Encrypted Chat on XRPL

Overview

Every transaction on the XRP Ledger can carry a memo — a small free-form field that rides along with the payment and is stored, forever, in the validated ledger. People use memos for invoice numbers, order IDs, or short notes. In this module you'll use them for something more ambitious: a working, end-to-end encrypted chat where the messages travel as transactions and only the intended recipient can read them.

Here's the tension that makes this interesting. The ledger is public. Anyone can pull up your transaction in an explorer and read the memo verbatim. So if you just drop "meet me at 8" into a memo, you've published it to the world. Encryption is what lets you use a public bulletin board as a private channel: you scramble the message so that the bytes sitting on-chain are meaningless to everyone except the one person holding the right key.

Keep one honest caveat in mind throughout: nothing is encrypted forever.
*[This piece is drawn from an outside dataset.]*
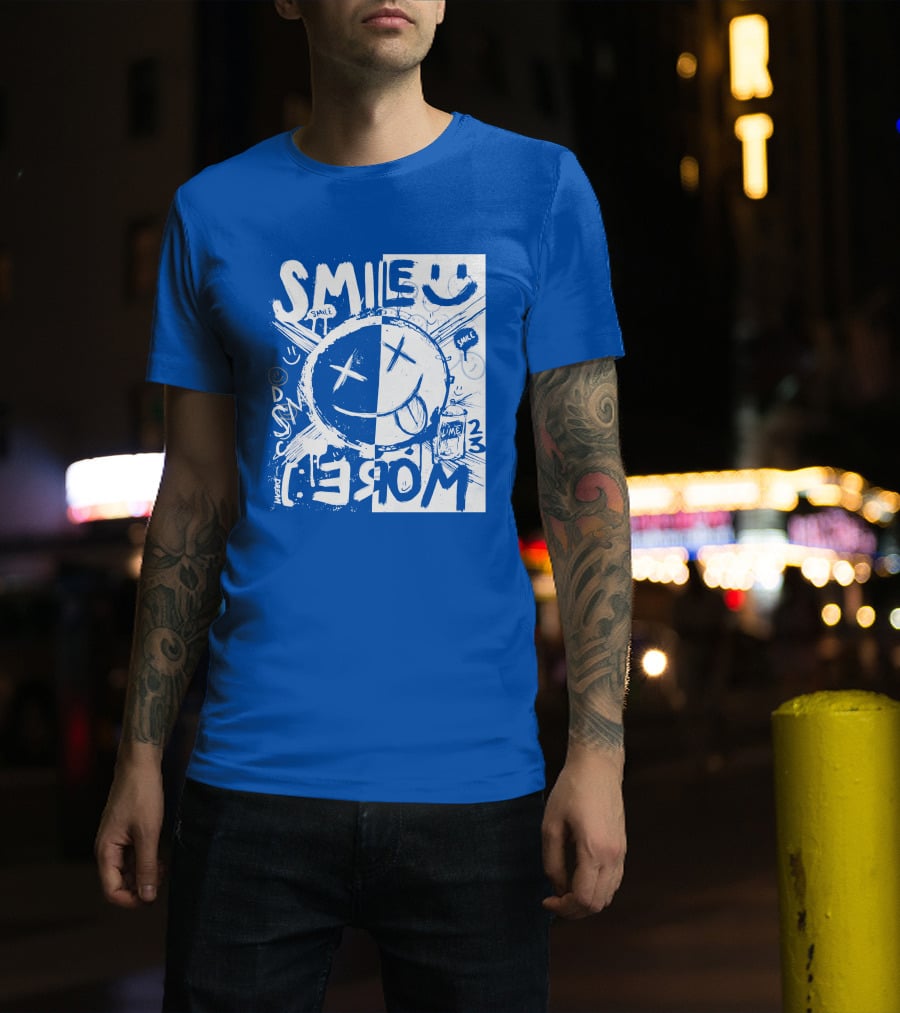 Smile More April Members Only Blue Grunge Style Smiley Face T-Shirt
The ciphertext is permanent and public, and the cryptography that protects it today is only as strong as today's math and today's key secrecy. You're building a private channel over a permanent public record — a great way to learn applied cryptography, not a substitute for a hardened secure-messaging app. With that framing set, let's build it.

The shape of the problem

You want sender Alice to put a message on-chain that only recipient Bob can read. That calls for public-key (asymmetric) cryptography: Bob has a key pair — a public key he can hand out freely, and a private key he guards. Alice encrypts to Bob's public key; only Bob's private key can undo it.

We'll use tweetnacl (the JavaScript port of NaCl) and specifically its box primitive. box is authenticated public-key encryption: it takes the recipient's public key and the sender's private key, mixes them into a shared secret, and produces ciphertext that Bob can both decrypt and verify came from Alice. That mutual ingredient is why decryption later needs both keys too.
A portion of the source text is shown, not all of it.